> [ACTIVITY]
Only the pictures are to be left out; write out the rest of the data exactly.

> [DATA SHOWN]
------

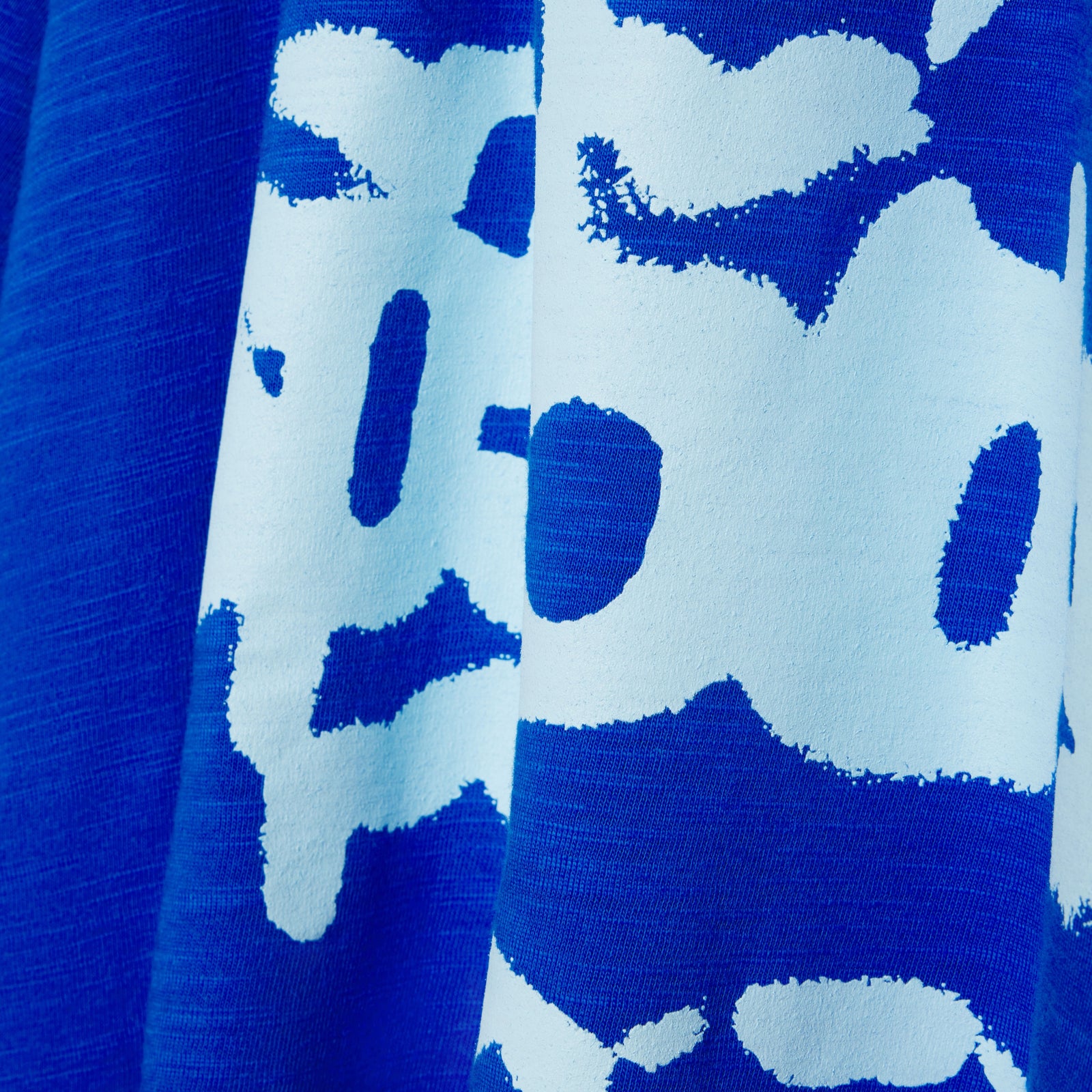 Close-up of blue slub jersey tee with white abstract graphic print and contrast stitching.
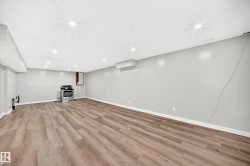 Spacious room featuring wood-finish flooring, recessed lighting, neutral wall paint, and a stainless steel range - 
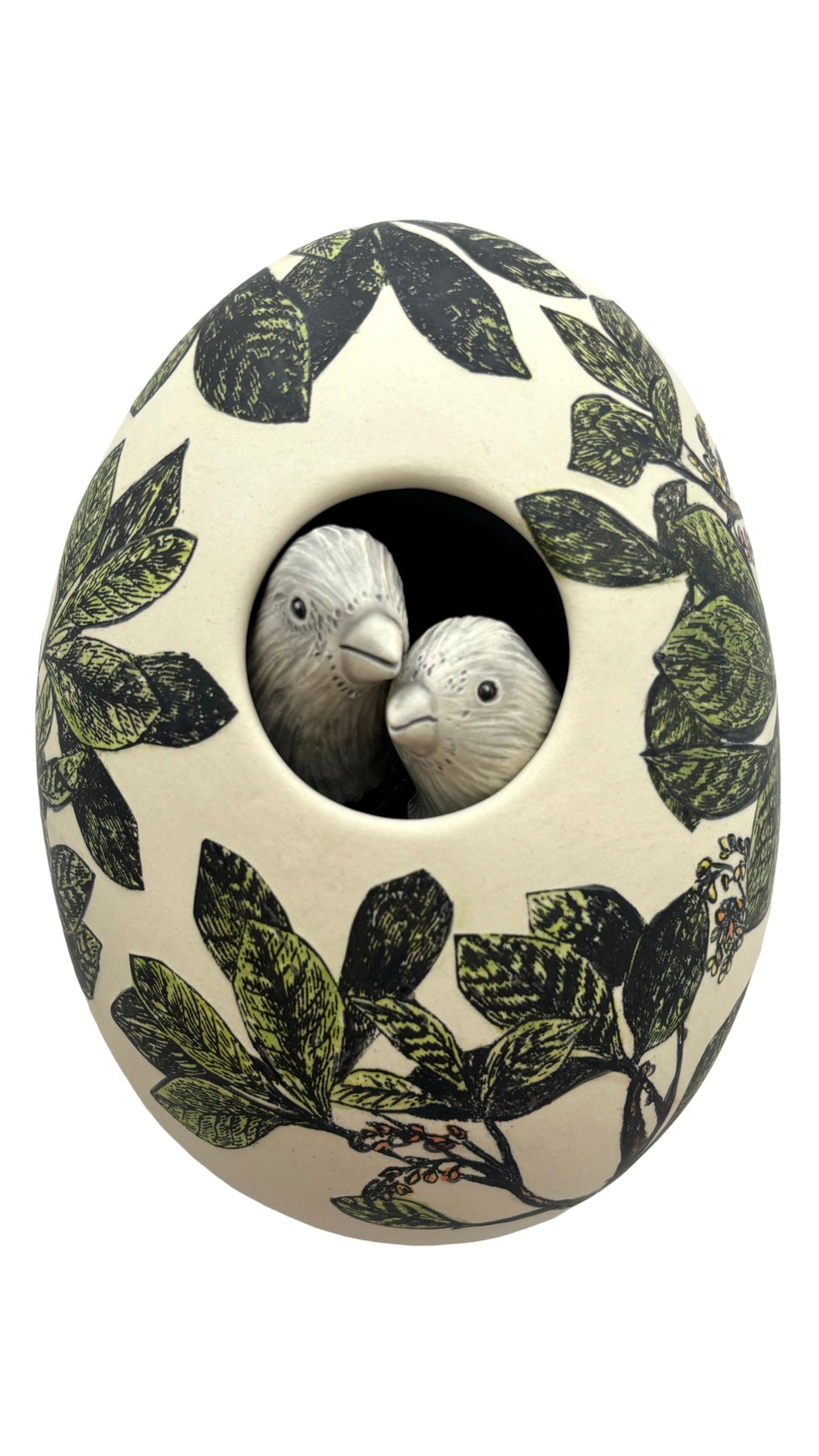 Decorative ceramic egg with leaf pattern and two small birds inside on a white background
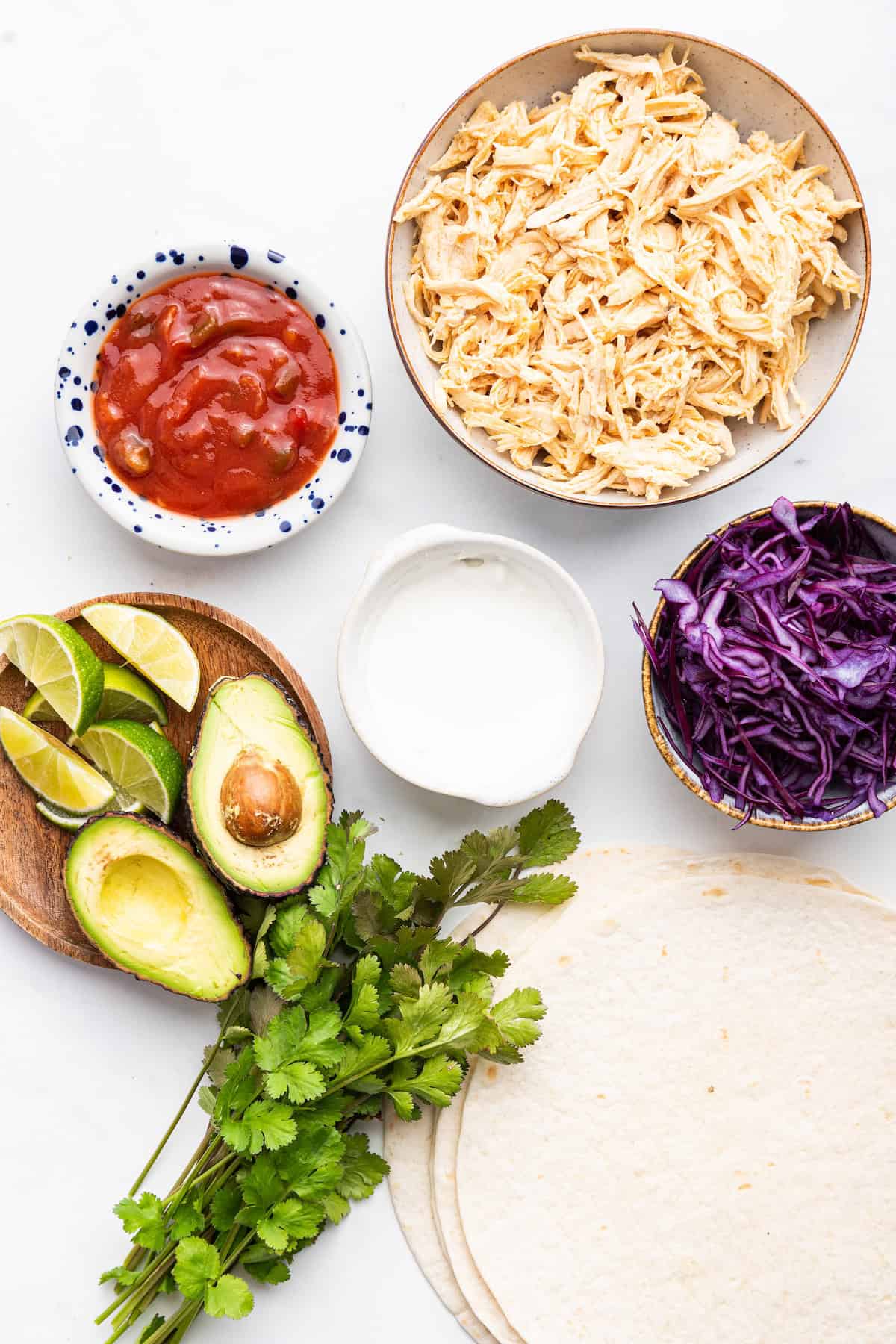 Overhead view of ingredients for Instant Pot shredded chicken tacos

------

> [TASK ANSWER]
 Close-up of blue slub jersey tee with white abstract graphic print and contrast stitching.
 Spacious room featuring wood-finish flooring, recessed lighting, neutral wall paint, and a stainless steel range - 
 Decorative ceramic egg with leaf pattern and two small birds inside on a white background
 Overhead view of ingredients for Instant Pot shredded chicken tacos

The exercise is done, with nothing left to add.